El año nuevo ya parecía viejo, apenas había pasado un día desde Nochevieja, pero Vernon Eriksen sentía alivio de que, por fin, todo hubiera terminado: las constantes matracas y expectativas, todo el mundo preparándose para la gran fiesta de su vida, para al final, ataviados con sus mejores galas, acabar con un sentimiento de decepción tan grande como el que se tiene cuando los sueños se ponen a prueba y revelan ser solo eso, sueños.

Siempre ese descontento.

Las horas le constreñían y se le pegaban a la piel: que el último día del año tuviera por fuerza que ser memorable era algo que detestaba, casi le daba miedo, todos los que lo habían abandonado, la soledad que se hacía tan patente.

Su madre había muerto repentinamente de cáncer cuando él estaba saliendo de la pubertad, ante él vio la imagen de su padre en la funeraria, adecentando el cadáver de su esposa. Vernon presenció cómo las manos de su progenitor le lavaban con delicadeza la blanca piel, cómo lloraba mientras le arreglaba el cabello.

Seis semanas más tarde, su padre apareció ahorcado, colgando de una de las vigas del sótano.

A veces Vernon huía de esos pies colgantes, del intenso brillo sanguinolento de esos ojos. «Soy yo quien decide sobre la vida y la muerte». Su padre solía decirlo con un destello en la mirada, cuando atendía a los difuntos, cuando les insuflaba vida ante la despedida de sus familiares. «Ya ves, Vernon, no es Dios, ni nadie más, yo soy el que decide». Esa sentencia siempre parecía aliviarlo. Y Vernon lo quería mucho, se miraban el uno al otro y seguían adelante, a pesar de que su trabajo versaba sobre algo en lo que nadie soportaba pensar. Esa tarde, cuando lo encontraron colgando de la viga, le vino esa frase a la cabeza, repitió para sus adentros el mantra de su padre una y otra vez, y ello le sirvió de mucho, le dio fuerzas para bajarlo y abrazarlo. Tal vez no podía siquiera calificarse de «suicidio», tal vez era solo la forma que tenía papá de demostrar que era él quien decidía, incluso sobre su propia muerte.

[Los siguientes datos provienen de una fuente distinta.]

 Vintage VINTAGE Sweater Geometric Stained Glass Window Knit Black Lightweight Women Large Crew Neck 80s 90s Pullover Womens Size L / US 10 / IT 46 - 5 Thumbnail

Las horas habían pasado. Las imágenes que se le aferraban a la memoria y la soledad que lo asaltaba desaparecieron.

Un nuevo año.

La nieve llevaba arreciando toda la noche y el aire era fresco. Respiró ligeramente mientras escuchaba los crujidos bajo sus pies. Todavía era temprano cuando salió de su casa en Marcusville, todavía era de noche cuando arrancó su vehículo para tomar el desvío de Mern Riffe Drive, el mismo ritual de siempre, desde su adolescencia, miradas furtivas al pasar ante el gran chalé de los Finnigan, con las luces encendidas en la cocina y el salón, y la misma sensación que siempre le embargaba cuando veía a Alice dentro: a menudo añoranza, a veces tristeza, en alguna ocasión alegría por haber estado cerca de una mujer al menos durante un tiempo.

Entonces pensaba que se habían prometido la eternidad: tenía diecinueve años y rehusó entender lo que más tarde ella le dijo cuando lo dejó, en algún momento de esas extrañas semanas en que primero el cáncer se llevó a su madre y luego una cuerda atada a una viga acabó con su padre.

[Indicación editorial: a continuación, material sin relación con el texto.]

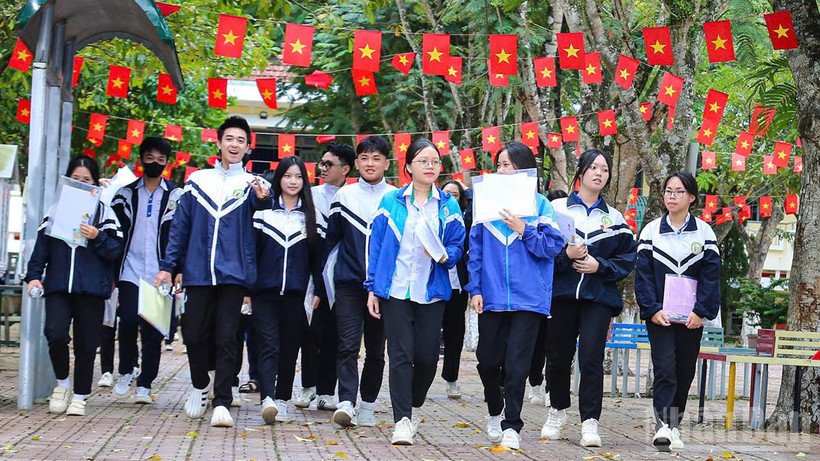 Học sinh thành phố Bảo Lộc, tỉnh Lâm Đồng hoàn thành buổi thi môn ngữ văn sáng 26/6.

El abrumador vacío que, de súbito, lo sobrecogió, en él se había ahogado.

Continuó hasta Indian Drive y recogió a Ruben Frey, que estaba listo esperando en el porche, con la puerta ya cerrada. No se quitaron los abrigos: ese invierno a la calefacción del coche le costaba arrancar. Debería haberla arreglado pero le salía caro y lo fue retrasando semana tras semana, ahora ya solo quedaban un par de meses para la llegada de la primavera.

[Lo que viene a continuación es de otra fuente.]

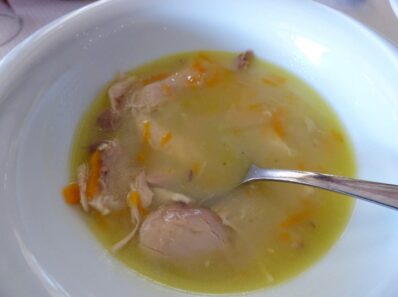 Порция супа в ресторане Тираны, Албания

Sentados en los asientos delanteros guardaron silencio mientras enfilaban hacia la carretera 23 y durante los primeros kilómetros en dirección norte, hacia Columbus. Se conocían desde hacía años. En un principio su grado de familiaridad era el que todo el mundo tenía en Marcusville: una charla banal en la tienda, un breve intercambio de palabras al encontrarse en la calle. El día en que acaeció el repentino desastre, el día en que Elizabeth Finnigan fue encontrada muerta en el suelo de su casa con el esperma de John Meyer Frey dentro de su cuerpo, su relación cambió drásticamente. Vernon era jefe de guardias en el corredor de la muerte del bloque Este de la prisión de Marcusville, y Ruben era el padre de un chico de diecisiete años que pasó las primeras noches encerrado allí.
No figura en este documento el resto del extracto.